For the material below, set down exactly the lines between the one containing "Vintage Design Square" and the last line, both included, leaving every picture out.

_INFORMATION SHOWN_:
BEGIN

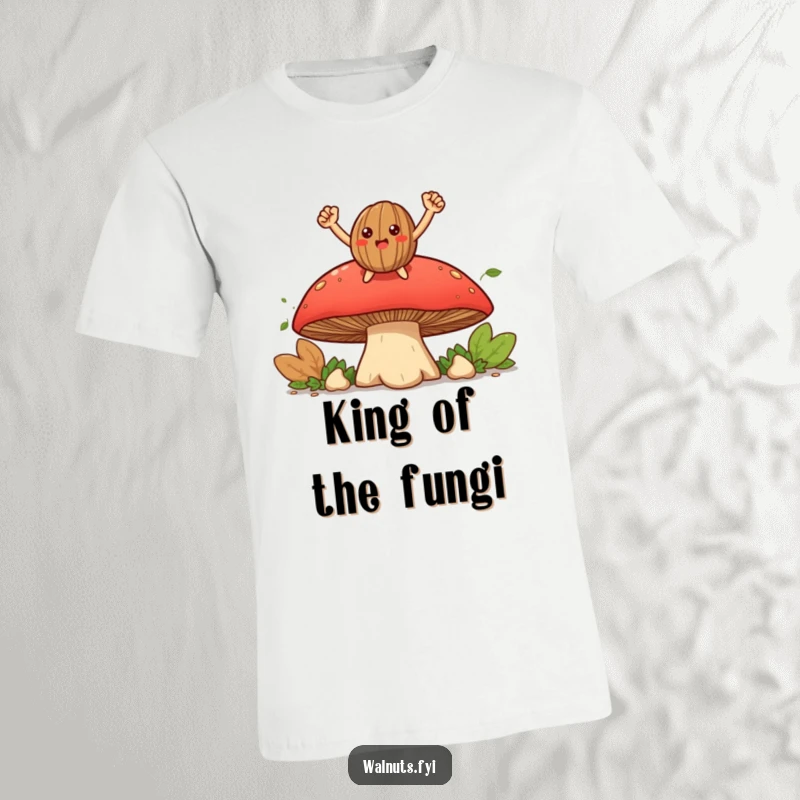 Funny smiling walnut character standing triumphantly on a large mushroom, printed on a celebratory, humorous t-shirt.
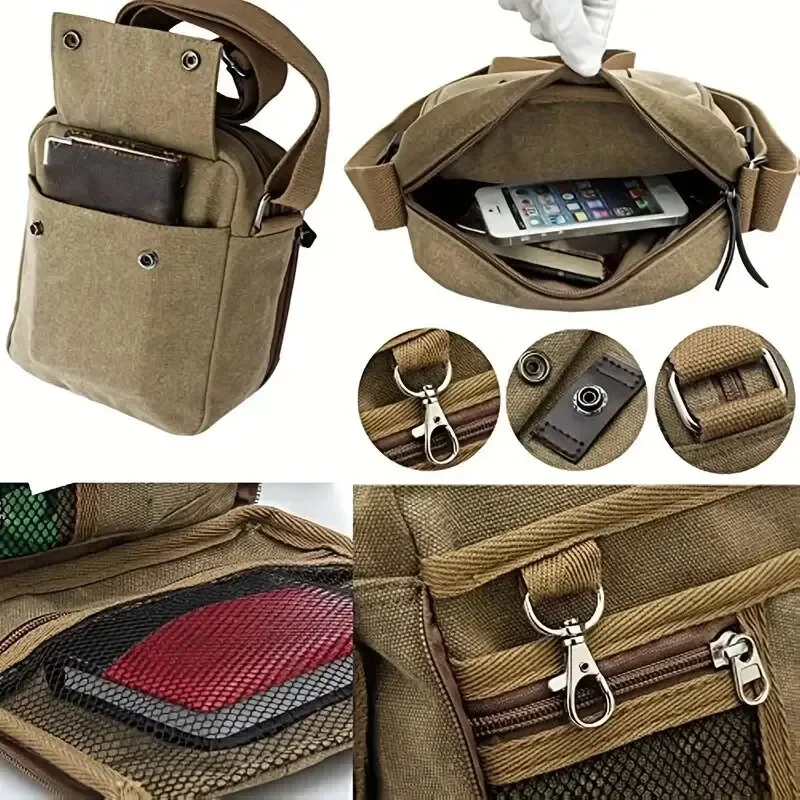 Vintage Design Square Bag, Zipper All-Match Travel Storage Bag, Casual Crossbody Bag Fashionable Men\'s Casual Crossbody Bag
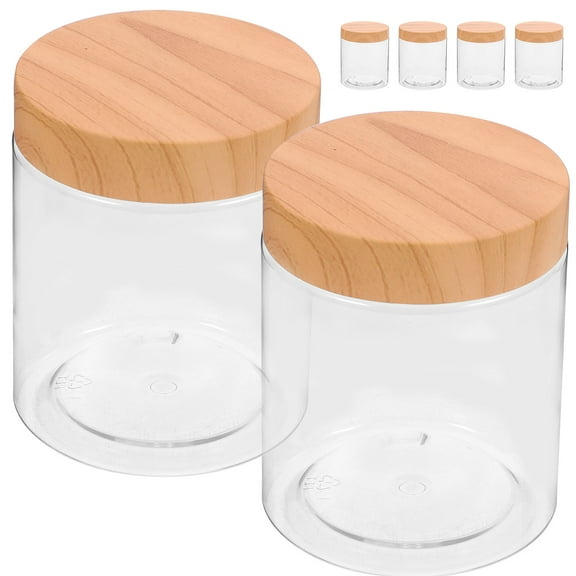 PAMINGONO 6Pcs Clear Plastic Jars Airtight Container for Kitchen Dry Food Storage Home Use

END

_RESULT FOR THIS EXERCISE_:
 Vintage Design Square Bag, Zipper All-Match Travel Storage Bag, Casual Crossbody Bag Fashionable Men\'s Casual Crossbody Bag
 PAMINGONO 6Pcs Clear Plastic Jars Airtight Container for Kitchen Dry Food Storage Home Use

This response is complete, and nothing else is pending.